Minister for Further and Higher Education, Research, Innovation, and Science, Simon Harris TD, recently announced that 17 new apprenticeship programmes will be developed this year, including three new agricultural apprenticeships (Farm Management, Farm Technician and Sportsturf Management).
These programmes support the Government’s goal of increasing apprenticeship applications to 10,000 per year by 2025. On the CAO (Central Applications Office) website, there is now a connection to the Generation Apprenticeship website (apprenticeships.ie).
Generation Apprenticeship is run by SOLAS and the Government of Ireland.
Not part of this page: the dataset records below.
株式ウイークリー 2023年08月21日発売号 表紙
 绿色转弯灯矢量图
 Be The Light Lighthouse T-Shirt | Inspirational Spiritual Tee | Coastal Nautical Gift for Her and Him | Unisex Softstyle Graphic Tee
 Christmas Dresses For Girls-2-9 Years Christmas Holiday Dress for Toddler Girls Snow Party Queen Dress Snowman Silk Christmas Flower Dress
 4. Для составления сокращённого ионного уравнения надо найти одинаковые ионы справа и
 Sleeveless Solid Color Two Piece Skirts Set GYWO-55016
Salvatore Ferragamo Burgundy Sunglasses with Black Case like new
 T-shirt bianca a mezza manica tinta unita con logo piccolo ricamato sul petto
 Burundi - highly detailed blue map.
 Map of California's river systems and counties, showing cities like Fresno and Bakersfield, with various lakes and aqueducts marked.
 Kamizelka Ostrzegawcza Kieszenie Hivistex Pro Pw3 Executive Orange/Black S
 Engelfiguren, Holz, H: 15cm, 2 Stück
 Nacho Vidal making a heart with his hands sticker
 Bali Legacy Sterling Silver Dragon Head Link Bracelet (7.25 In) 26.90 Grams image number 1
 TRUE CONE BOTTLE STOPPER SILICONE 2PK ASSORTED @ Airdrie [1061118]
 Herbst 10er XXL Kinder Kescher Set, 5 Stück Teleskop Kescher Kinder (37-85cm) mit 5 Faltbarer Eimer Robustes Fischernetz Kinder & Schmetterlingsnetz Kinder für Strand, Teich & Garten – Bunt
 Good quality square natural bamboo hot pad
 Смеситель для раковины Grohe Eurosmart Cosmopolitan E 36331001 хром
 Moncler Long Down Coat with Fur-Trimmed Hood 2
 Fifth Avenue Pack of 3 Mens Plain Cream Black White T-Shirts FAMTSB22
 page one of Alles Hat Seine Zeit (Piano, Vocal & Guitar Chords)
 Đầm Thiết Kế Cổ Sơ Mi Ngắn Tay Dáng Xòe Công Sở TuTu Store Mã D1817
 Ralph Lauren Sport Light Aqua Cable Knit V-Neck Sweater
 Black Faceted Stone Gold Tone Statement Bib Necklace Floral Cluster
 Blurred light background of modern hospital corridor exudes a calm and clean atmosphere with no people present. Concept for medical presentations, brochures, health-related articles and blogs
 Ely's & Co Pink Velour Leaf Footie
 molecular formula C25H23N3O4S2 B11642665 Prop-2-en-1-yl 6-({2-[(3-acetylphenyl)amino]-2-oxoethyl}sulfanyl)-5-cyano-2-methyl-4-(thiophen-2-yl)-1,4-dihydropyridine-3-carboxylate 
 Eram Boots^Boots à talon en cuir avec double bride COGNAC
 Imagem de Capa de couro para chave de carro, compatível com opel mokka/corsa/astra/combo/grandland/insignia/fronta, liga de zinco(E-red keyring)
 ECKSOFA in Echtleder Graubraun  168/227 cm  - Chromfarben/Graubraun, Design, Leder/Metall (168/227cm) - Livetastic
On this website, prospective apprentices can search for apprenticeships under the “Get Started” tab, which show the range of industries currently offering apprenticeships.
Education and Training Board of Ireland
Aoife Berkery is the work-based learning manager (further education and training) at the Education and Training Board of Ireland (ETBI). She says apprenticeships should not be underestimated as an alternative route to a fulfilling career.
“Apprenticeships offer fantastic opportunities for any person looking at their career options, especially students preparing to sit exams next month. An apprenticeship allows you to earn money and become qualified while you are learning on-the-job, with an employer.”
Apprenticeships alternate between off-the-job training in an education centre and on-the-job training at the registered employer’s workplace.
They generally last two to four years and will prepare participants for a specific occupation. They always lead to a qualification on the National Framework of Qualifications (NFQ); ranging from a Level 6 to a Level 10 (the Level 10 programme is equivalent to a Professional Doctorate in Engineering).
There are currently over 60 apprenticeship programmes available in Ireland, with locations throughout the country. “The range of industries covered by apprenticeships has risen significantly over the last number of years,” says Aoife.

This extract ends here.